Overview

Efficacy of Iron Bisglycinate in Treatment of Iron Deficiency Anemia in Pregnant Women

Status:
Completed
Trial end date:
2017-10-31
Target enrollment:
0
Participant gender:
Female
Summary
Anemia in pregnancy is defined by the World Health Organization as hemoglobin levels of ≤ 11 g/dl. Globally, a prevalence rate of 38% was estimated by the World Health Organization for pregnant women.Treatment of iron deficiency anemia during pregnancy remains a main public health issue. Oral iron salts have been recommended for treatment of iron deficiency anemia e.g. ferrous fumarate. Increasing the dose of ferrous fumarate will subsequently increase the bioavailability of iron preparation, however it also increases the frequency of gastrointestinal tract side effects e.g. nausea, constipation, diarrhea, flatulence, and black stained stools. Besides, the increased bioavailable ferrous fumarate may decrease by many foods and / or chelating drugs in the gastrointestinal tract which interfere with its absorption leading to variability in the hemoglobin correction during the treatment. Ferrous bisglycinate is an iron amino acid chelate.
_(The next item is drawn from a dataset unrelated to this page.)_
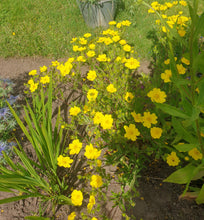 Potentilla 'Yellow Queen'
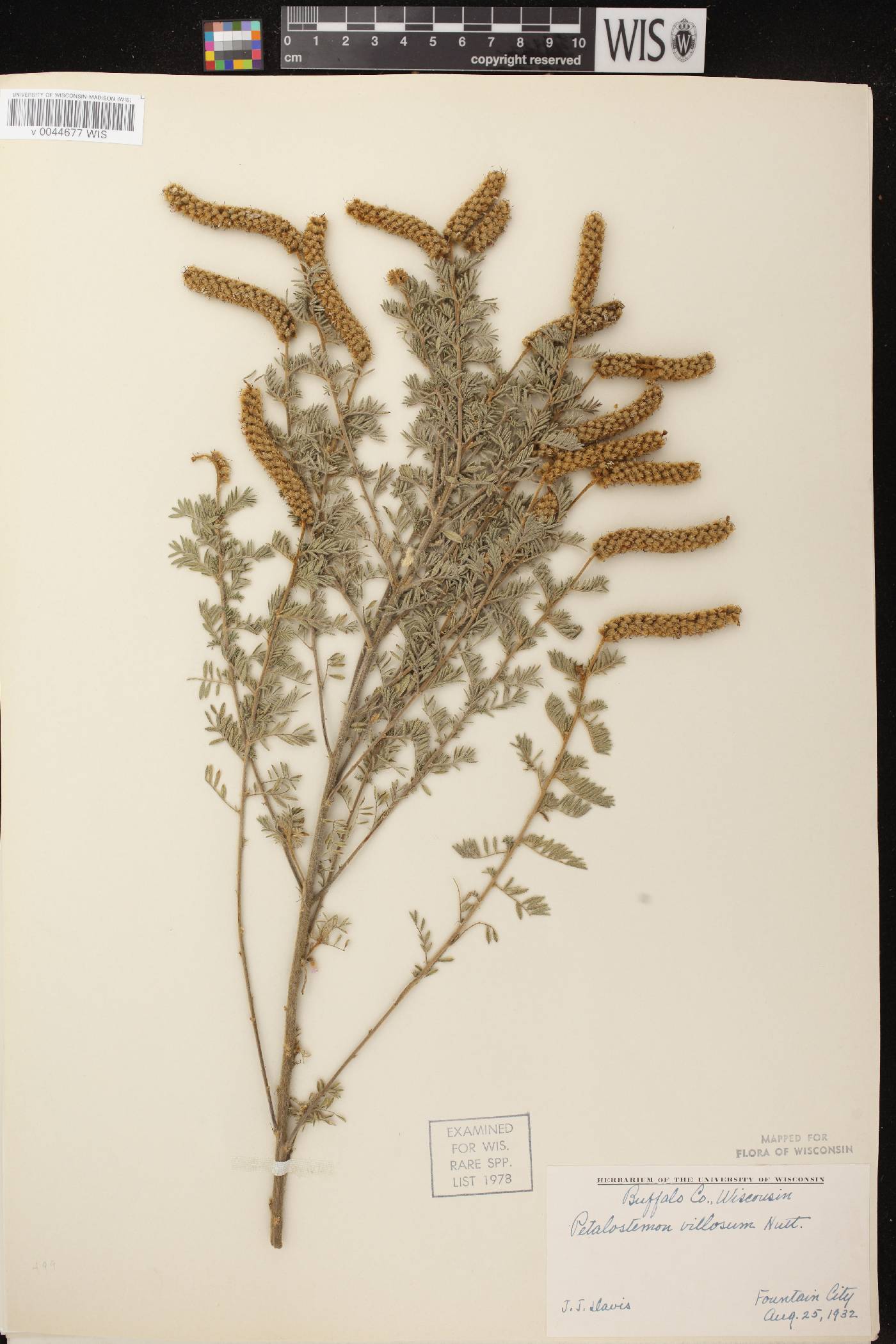 Dalea villosa var. villosa image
It is formed by reaction of ferrous iron with two molecules of the amino acid glycine by a covalent bound in a process called chelation. Ferrous bisglycinate is claimed to have better patient compliance because of fewer gastrointestinal tract side effects. It is also claimed that ferrous bisglycinate improves iron absorption, storage and increase hemoglobin level better than the conventionally used iron salts.
Phase:
Phase 3
Accepts Healthy Volunteers?
No
Details
Lead Sponsor:
Hatem AbuHashim
Treatments:
Ferrous fumarate
Criteria
Inclusion Criteria:

- Pregnant women aged 20 to 40 years,

- 14-27 gestational weeks calculated from the first day of their last menstrual period
and confirmed by ultrasound

- Singleton fetus

- hemoglobin level from 7-9.9 g/dL.

Exclusion Criteria:

- All women with high risk pregnancy e.g. hypertension, diabetes

- multiple pregnancy

- women with severe anemia (Hb >7 g/dl)

- anemia due to other causes than iron deficiency as chronic blood loss, hemolytic
anemia or thalassemia.

- women with hepatic, renal or cardiovascular abnormality; women with peptic ulcer,
esophagitis, gastritis or hiatus hernia

- family history of thalassemia, sickle cell anemia, or malabsorption syndrome

- hypersensitivity to iron preparations or current use of iron supplementation.